There are several ways that a transaction can be interfered by other transactions that runs simultaneously with it. This interference will cause something we call Read Phenomena.

Let’s talk about some Read Phenomena that can occur because of a low level of transaction isolation

Read Phenomena

  • Dirty Read: It happens when a transaction reads data written by another concurrent transaction that has not been committed yet. This is terribly bad because we don’t know if that other transaction will eventually be committed or rolled back. So we might end up using incorrect data in case rollback occurs.
  • Non-repeatable Read: When a transaction reads the same record twice and sees different values because the row has been modified by another transaction that was committed after the first read.
  • Phantom Read: It is a similar phenomenon but affects queries that search for multiple rows instead of one. In this case, the same query is re-executed, but a different set of rows is returned, due to some changes made by other recently-committed transactions, such as inserting new rows or deleting existing rows which happen to satisfy the search condition of the current transactions query.
  • Serialization Anomaly: It’s when the result of a group of concurrent committed transactions could not be achieved if we try to run them sequentially in any order without overlapping each other.

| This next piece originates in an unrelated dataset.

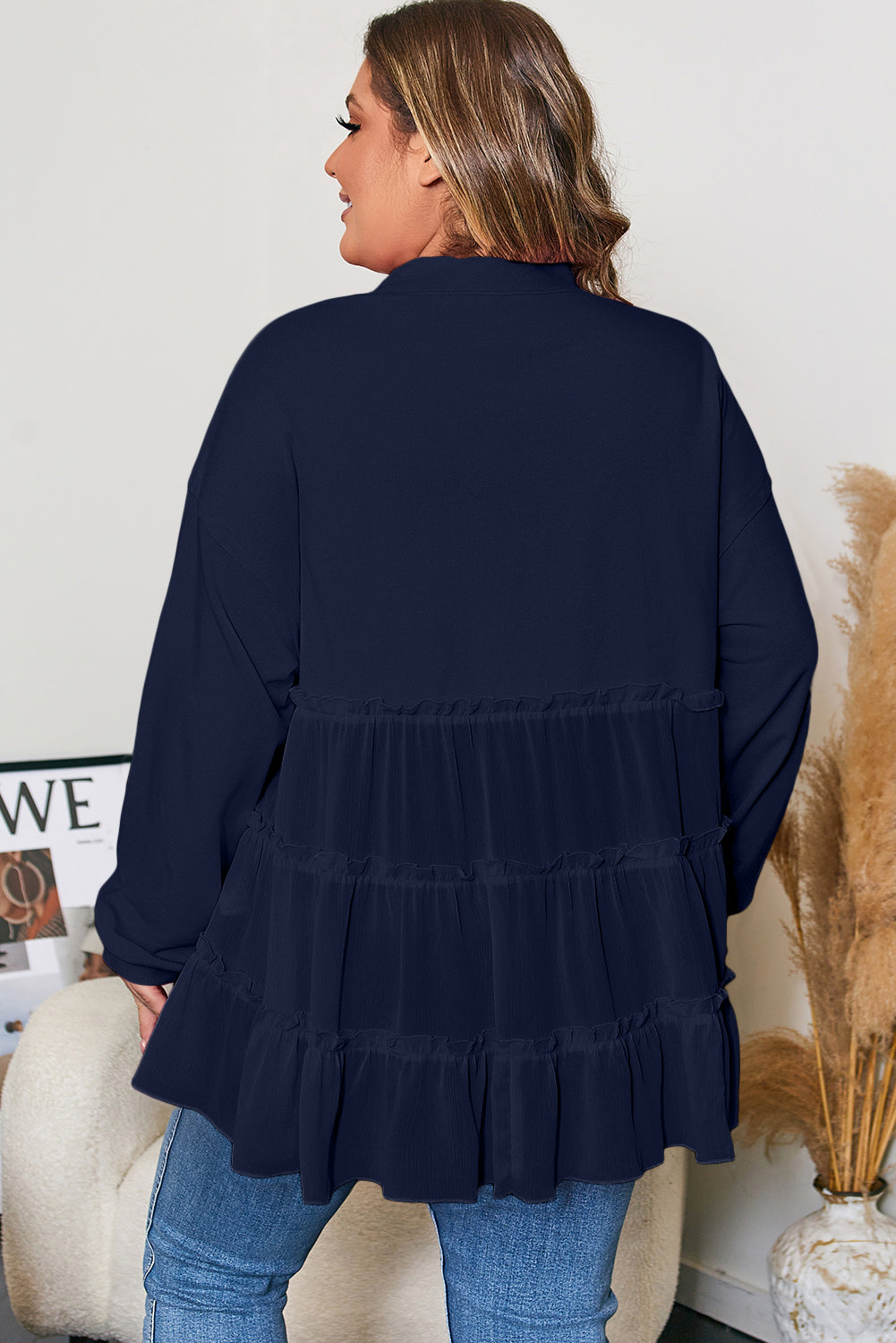 Tiered Ruffle Ribbed Crew Neck Top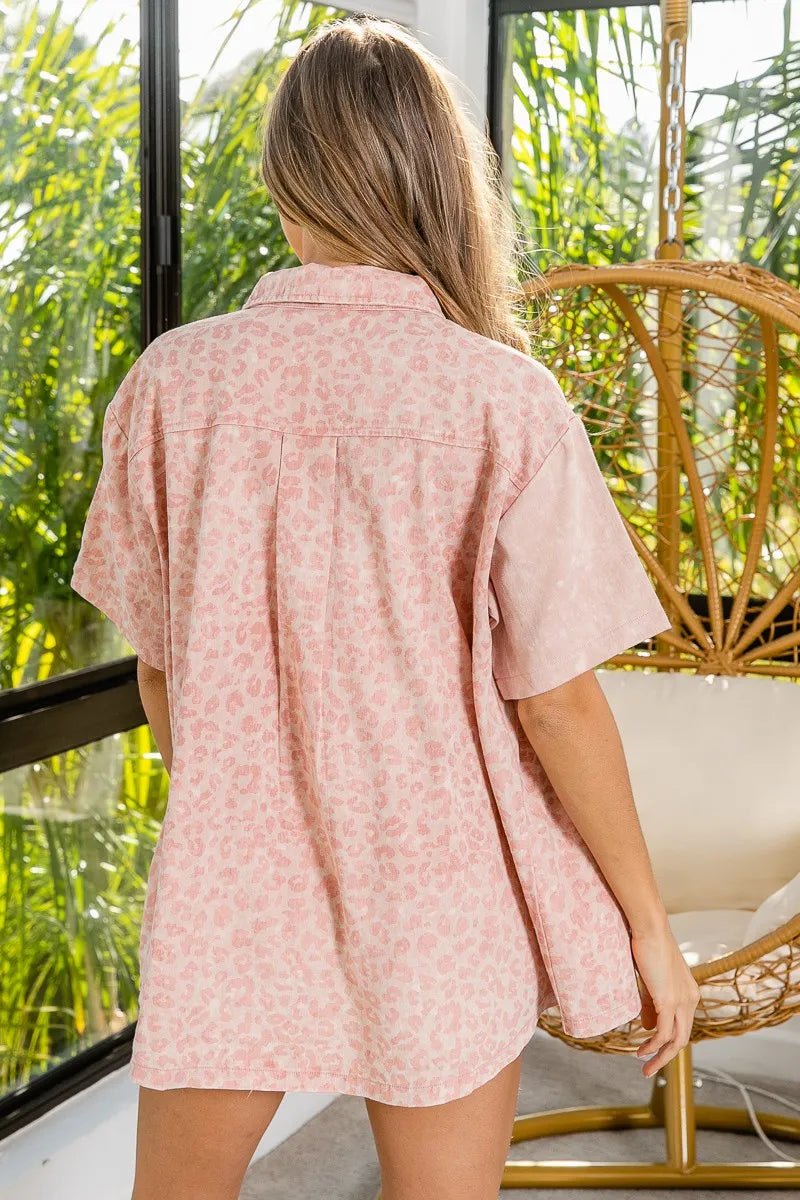 BiBi Mineral Washed Leopard Print Short Sleeve Shirt - JUST - JEN BOUTIQUE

To fix these Read Phenomena there are 4 standard Isolation Levels.

Isolation Levels

  • Read Uncommitted: Transactions in this level can see data written by other uncommitted transactions, any changes from the outside are visible to the transaction whether committed or not.
  • Read Committed: where transactions can only see data that has been committed by other transactions.
  • Repeatable Read: The transaction will make sure that when a query reads a row, that row will remain unchanged while it is running.
  • Serializable: Transactions are run as if they are serialized one after the other.

Here is a table from Wikipedia that shows what may or may not occur in an Isolation level

project photo

Durability

Durability is a property that enforces completed transactions, guaranteeing that once each one of them has been committed, it will remain in the system even in case of subsequent failures.

If a transaction is successful, all changes generated by it are stored permanently.

But if we save a snapshot of the database every time we WRITE, the WRITE operation will become slow. So there is always a tradeoff.